Serving English Court Proceedings in UAE

A query which frequently arises in cross-border civil disputes involving UAE based individuals or companies is, once the English court agrees to grant permission for service out of jurisdiction, how this is effected in practice.

When serving English civil court proceedings in the UAE, as this constitutes service out of the jurisdiction, pursuant to CPR r. 6.36, permission of the court is required, and the claim form may be served if any of the grounds in paragraph 3.1 of PD 6B apply.

This article will consider the procedure involved in serving English court proceedings within the UAE, as opposed to the jurisdictional issues relevant to applying for permission to serve out of the jurisdiction.

Usual Means

Once permission has been granted by the English court, in order to serve by usual means (as opposed to alternative service, discussed further below), the relevant legislation is the “Treaty between the United Kingdom of Great Britain and Northern Ireland and the United Arab Emirates on Judicial Assistance in Civil and Commercial Matters” (“Treaty”).
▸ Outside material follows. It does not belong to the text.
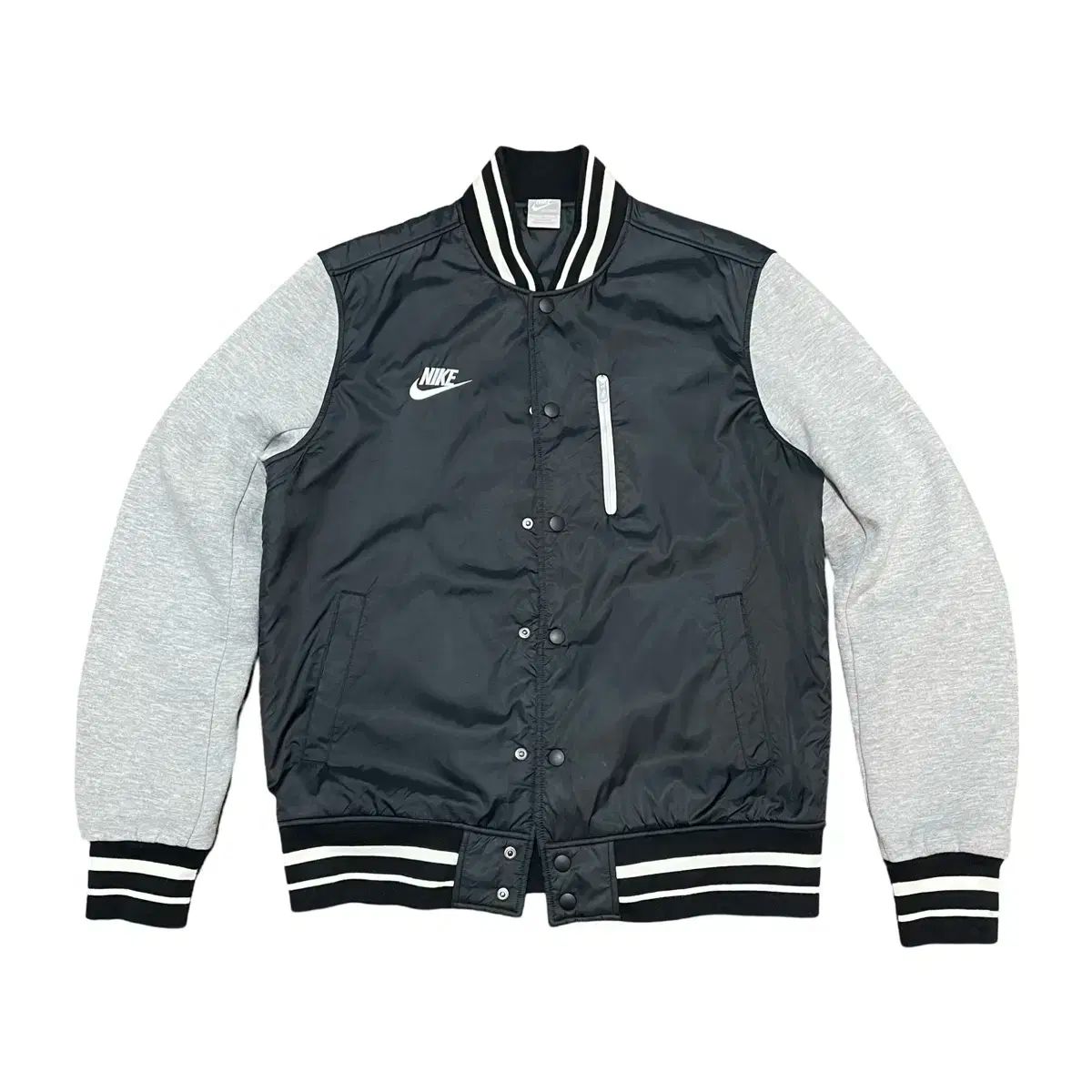 L Nike(ナイキ） スタジアム スタジャン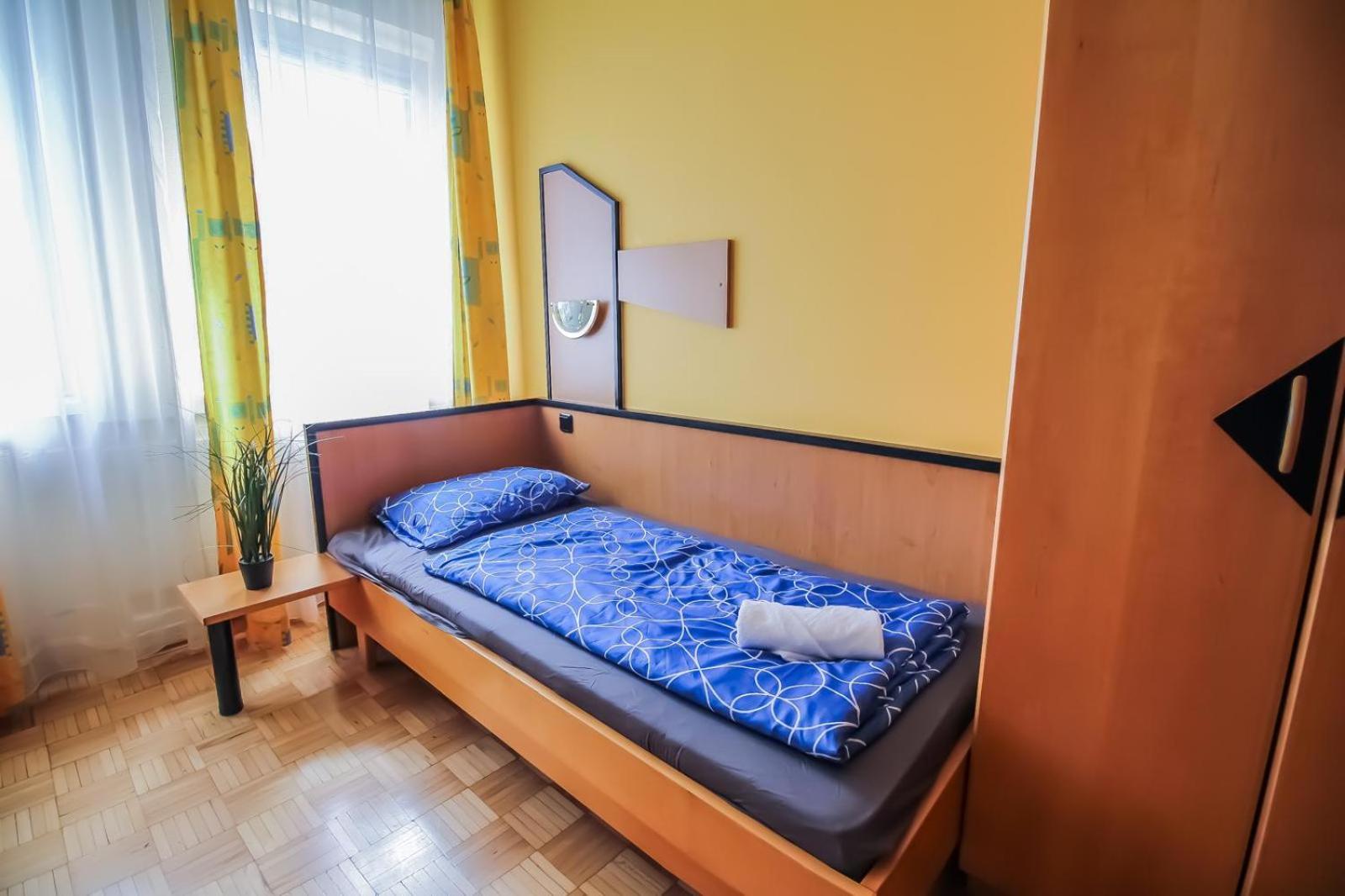 Affordable Central Rooms, 10-Min to Lugner City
Article 4(1) of the Treaty provides that the UK and the UAE are to grant each other “mutual judicial assistance in civil and commercial matters to the highest degree possible in accordance with their domestic law”. Article 4(2) confirms that ‘judicial assistance’ applies to the service of judicial documents.

Article 5 and 6 of the Treaty provide that in order to serve court proceedings, all official documents are to be sealed by the court/other competent authority and a request for judicial assistance made by the ‘Central Authorities’ and be transmitted through ‘Diplomatic Channels’. In respect of serving documents in respect of proceedings in England and Wales, this would mean the Senior Master of the Queen’s Bench Division of the Supreme Court of Justice, making a request for service to the Ministry of Justice in the UAE.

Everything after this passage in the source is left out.